BEECH Roots - the blog about discoveries, details and inner discussions on beech forests
Article written by Domen Kocjan
The Slovenian Forests Week is an annual event that raises awareness about forests and forestry practices in Slovenia. Taking place in the last week of May, one of Forests Week’s traditional events is also a guided hike along the Borovška Nature Trail, located in the buffer zone of the Virgin Forest Krokar. The hike is meant to acquaint participants with the history of the region’s forestry and nature conservation. This also includes introducing participants to the meaning of virgin forests and their importance. The common theme of this year’s Forests Week was “I Feel Forest”, so the hike’s focus was also on personal responsibility when visiting forests.

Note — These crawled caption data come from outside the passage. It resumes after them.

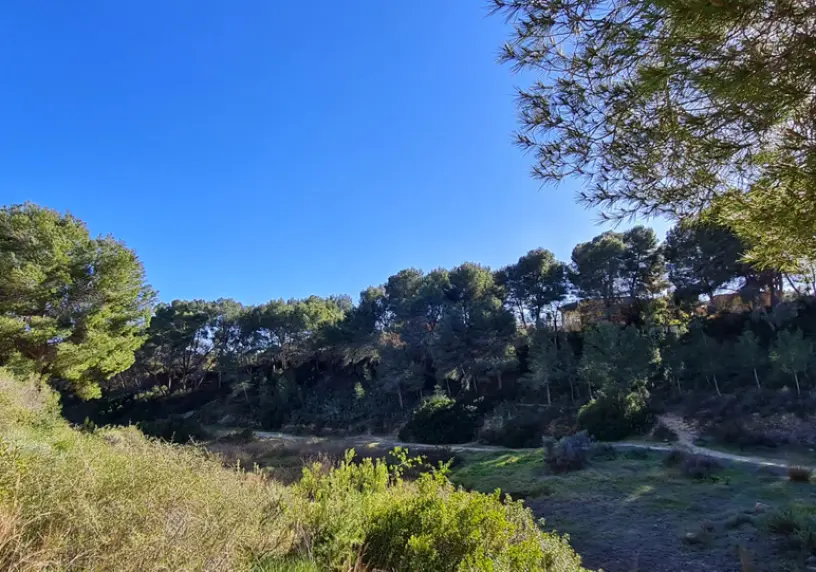 VILLA HIGUERA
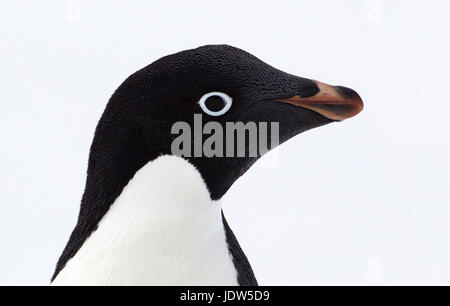 Adelie Penguin, Antarctique, océan du Sud Banque D'Images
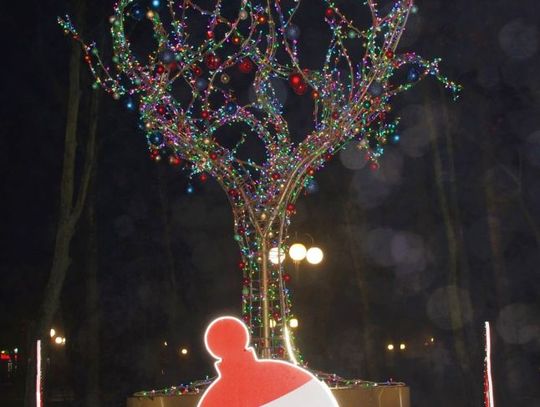 Efektowne iluminacje świąteczne w regionie! 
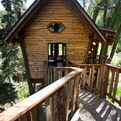 Green-line-architects-tree-house-s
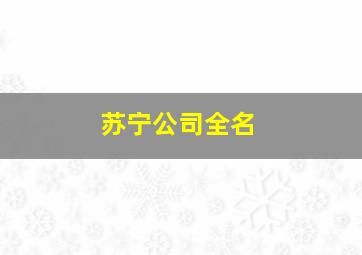 苏宁公司全名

As a member of BEECH POWER’s project team, I attended this year’s hike to also talk about the importance of the UNESCO designation and introduce people to the goals of BEECH POWER. The hike was attended by 37 hikers and four members of the Slovenia Forest Service, two of which were the guides organising this event since its inception. Among the hikers, one could find people of all demographics, from young children to retirees. The guides did not rush and everyone managed to complete the hike at a leisurely pace. Stopping at different points on the trail, the guides and I tried to present different topics to our visitors.
At first they seemed very interested, especially older people and families with children were asking questions. They seemed to lose interest during the second half of the hike, though, probably as fatigue and hunger set in. The shift in attention was also the result of the fact that part of the trail lead through beautiful slopes of blooming wild garlic and fallen trees. Therefore, everybody was naturally too preoccupied with the view to listen to the guides.
As we stopped for lunch on a vantage point overlooking the cliffs of Krokar and the forests beyond, I decided that I’ll let the beauty of the rolling wooded hills speak for itself. We finished the trail in about 4 hours at a snail’s pace, some might say, since the trail is only 8 kilometres long, however, all in all I think the hike was a success. Combined with the information given by our guides and the beauty of the trail, I believe the participants gained an admiration for forests and an understanding for the importance of nature conservation.